[Problem requirements] Gather each line in the entries that includes the string "Blue".

[Materials provided]
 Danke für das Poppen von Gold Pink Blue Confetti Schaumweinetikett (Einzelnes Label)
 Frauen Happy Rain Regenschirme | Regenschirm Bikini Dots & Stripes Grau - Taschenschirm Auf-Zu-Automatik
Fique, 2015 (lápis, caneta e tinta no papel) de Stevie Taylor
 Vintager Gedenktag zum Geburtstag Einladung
==
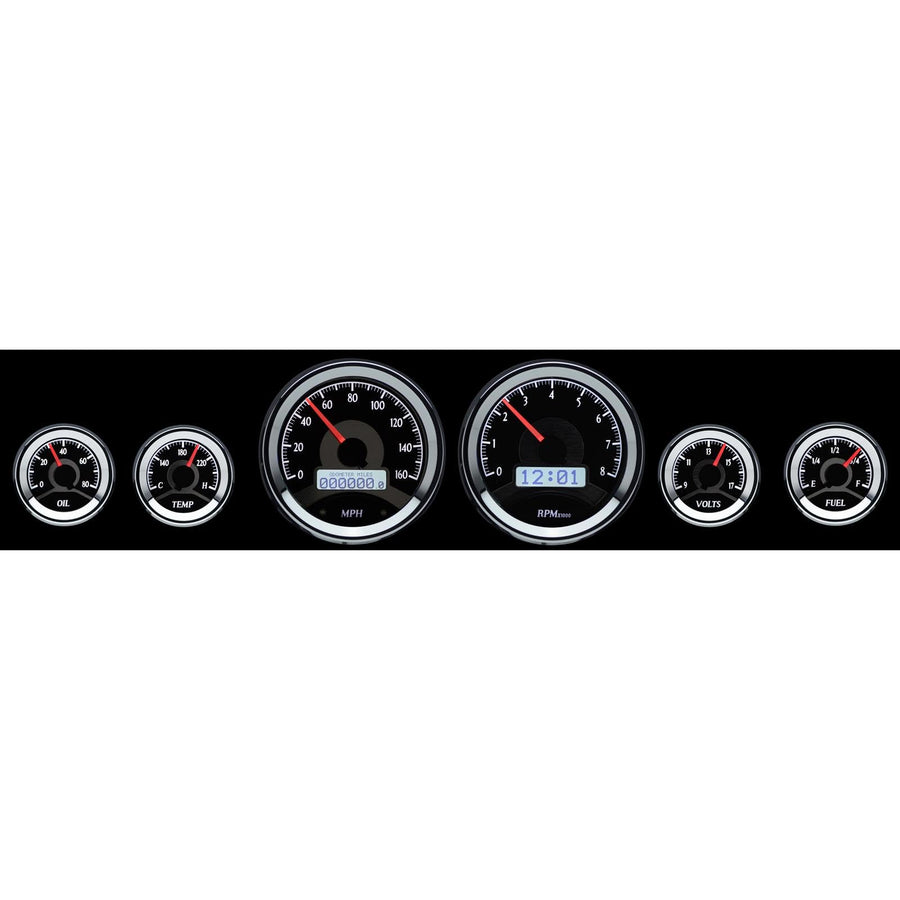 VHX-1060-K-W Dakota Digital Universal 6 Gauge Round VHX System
--
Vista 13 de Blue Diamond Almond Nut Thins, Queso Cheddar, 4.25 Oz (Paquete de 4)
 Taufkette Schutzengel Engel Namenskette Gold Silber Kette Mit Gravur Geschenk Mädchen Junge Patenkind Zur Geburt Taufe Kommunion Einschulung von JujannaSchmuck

[Written response]
 Danke für das Poppen von Gold Pink Blue Confetti Schaumweinetikett (Einzelnes Label)
Vista 13 de Blue Diamond Almond Nut Thins, Queso Cheddar, 4.25 Oz (Paquete de 4)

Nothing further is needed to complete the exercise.